Mrs. Wisniewski may not remember, but Mr. Sides has not forgotten those days in junior high.
"She was kind of like a mom," he said of Mrs. Wisniewski, who has been a teacher for 26 years.
Mrs. Wisniewski said the maternal touch is part of her teaching style.
"When I'm teaching them, they are my kids," said Mrs. Wisniewski, who lives in Severn. "I treat them like my own kids. I have high expectations of them and I try to get them lovingly to where they should be."
Mr. Sides, of Arnold, remembers a time when Mrs. Wisniewski made his class take a quiz at the beginning of the school year. Only he and another student passed the test. Mrs. Wisniewski made the entire class retake the test until everyone passed, he said.

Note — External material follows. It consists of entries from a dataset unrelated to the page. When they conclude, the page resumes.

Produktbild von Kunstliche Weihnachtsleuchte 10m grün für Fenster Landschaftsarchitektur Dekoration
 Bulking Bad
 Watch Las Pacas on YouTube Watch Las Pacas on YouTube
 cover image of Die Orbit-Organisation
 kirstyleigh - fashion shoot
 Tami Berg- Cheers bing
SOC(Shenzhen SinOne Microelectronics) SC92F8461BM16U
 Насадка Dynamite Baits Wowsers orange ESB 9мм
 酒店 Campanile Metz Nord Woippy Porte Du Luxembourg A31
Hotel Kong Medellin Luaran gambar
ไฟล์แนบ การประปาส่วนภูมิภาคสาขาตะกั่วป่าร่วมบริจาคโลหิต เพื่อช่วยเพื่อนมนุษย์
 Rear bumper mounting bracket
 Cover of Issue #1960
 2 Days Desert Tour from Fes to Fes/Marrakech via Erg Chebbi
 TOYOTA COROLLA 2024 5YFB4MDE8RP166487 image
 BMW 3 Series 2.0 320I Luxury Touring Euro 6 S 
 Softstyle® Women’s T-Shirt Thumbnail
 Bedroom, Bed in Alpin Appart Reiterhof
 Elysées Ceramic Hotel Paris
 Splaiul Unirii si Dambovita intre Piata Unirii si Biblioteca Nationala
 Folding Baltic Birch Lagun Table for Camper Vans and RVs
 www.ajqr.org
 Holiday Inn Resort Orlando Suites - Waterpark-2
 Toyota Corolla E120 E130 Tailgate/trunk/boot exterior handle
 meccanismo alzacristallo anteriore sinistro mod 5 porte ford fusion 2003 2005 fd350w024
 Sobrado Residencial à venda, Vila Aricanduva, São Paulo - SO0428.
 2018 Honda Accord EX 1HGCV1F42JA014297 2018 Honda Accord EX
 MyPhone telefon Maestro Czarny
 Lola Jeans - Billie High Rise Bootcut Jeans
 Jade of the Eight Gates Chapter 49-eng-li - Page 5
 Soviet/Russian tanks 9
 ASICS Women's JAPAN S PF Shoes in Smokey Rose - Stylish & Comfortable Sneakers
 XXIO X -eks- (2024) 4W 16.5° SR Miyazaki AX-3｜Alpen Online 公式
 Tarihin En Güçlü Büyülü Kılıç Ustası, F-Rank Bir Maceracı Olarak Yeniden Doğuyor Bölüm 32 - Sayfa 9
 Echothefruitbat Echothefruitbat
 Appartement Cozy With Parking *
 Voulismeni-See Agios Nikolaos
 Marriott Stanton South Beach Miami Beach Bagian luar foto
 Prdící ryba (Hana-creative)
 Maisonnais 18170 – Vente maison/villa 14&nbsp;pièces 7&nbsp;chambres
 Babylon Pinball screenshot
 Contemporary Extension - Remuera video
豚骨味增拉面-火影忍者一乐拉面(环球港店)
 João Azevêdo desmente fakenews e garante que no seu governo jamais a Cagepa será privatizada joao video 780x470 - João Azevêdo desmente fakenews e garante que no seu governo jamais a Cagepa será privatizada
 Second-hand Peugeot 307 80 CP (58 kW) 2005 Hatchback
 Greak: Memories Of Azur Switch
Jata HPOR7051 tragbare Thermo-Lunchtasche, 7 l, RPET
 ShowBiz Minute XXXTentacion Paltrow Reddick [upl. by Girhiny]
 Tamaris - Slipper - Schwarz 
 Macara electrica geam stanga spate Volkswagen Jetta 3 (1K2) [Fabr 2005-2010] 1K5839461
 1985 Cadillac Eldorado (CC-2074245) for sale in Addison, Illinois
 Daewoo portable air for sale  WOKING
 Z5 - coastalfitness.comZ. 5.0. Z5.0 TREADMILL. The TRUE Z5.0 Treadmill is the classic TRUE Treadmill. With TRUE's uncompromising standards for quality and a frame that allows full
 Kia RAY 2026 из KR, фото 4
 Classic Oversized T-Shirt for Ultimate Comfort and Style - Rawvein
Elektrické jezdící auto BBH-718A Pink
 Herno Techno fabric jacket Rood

Both teachers remember Mr. Sides as a good, quiet, persistent youngster. He remembers them as his favorite teachers and said he nominated them because they made learning fun. They also pushed students to excel, using gentle encouragement, telling students it was OK to make mistakes because mistakes were a part of learning, he said. They were people he felt he could talk to.
The teachers learned about their nominations in different ways. Mrs. Wisniewski said she didn't know Mr. Sides had nominated her until she received a letter from Who's Who.
Mr. Atkinson, of Brooklyn Park, said he found a note from Mr. Sides in his mailbox at work toward the end of the last school year. The let ter said Mr. Sides wanted to talk to him.
Mr. Sides, who was listed in Who's Who during his junior and senior years of high school at Mount St. Joseph's in Baltimore, said it was Mr. Atkinson who sparked his interest in science.
He recalled one lesson on inertia in which Mr. Atkinson used a tennis ball attached to a string to illustrate that objects tend to move in straight lines when not hindered.
He says the whole class sat in rapt attention as Mr. Atkinson swung the ball around his head several times before letting it go.
"It went straight," said Mr. Sides.
Both teachers said that they try to make learning fun. For example, when Mrs. Wisniewski teaches about perpendicular lines, she asks students to think of real-life objects that appear to be perpendicular to the ground. As the students contemplate the world around them, they often mention flag and light poles, she said.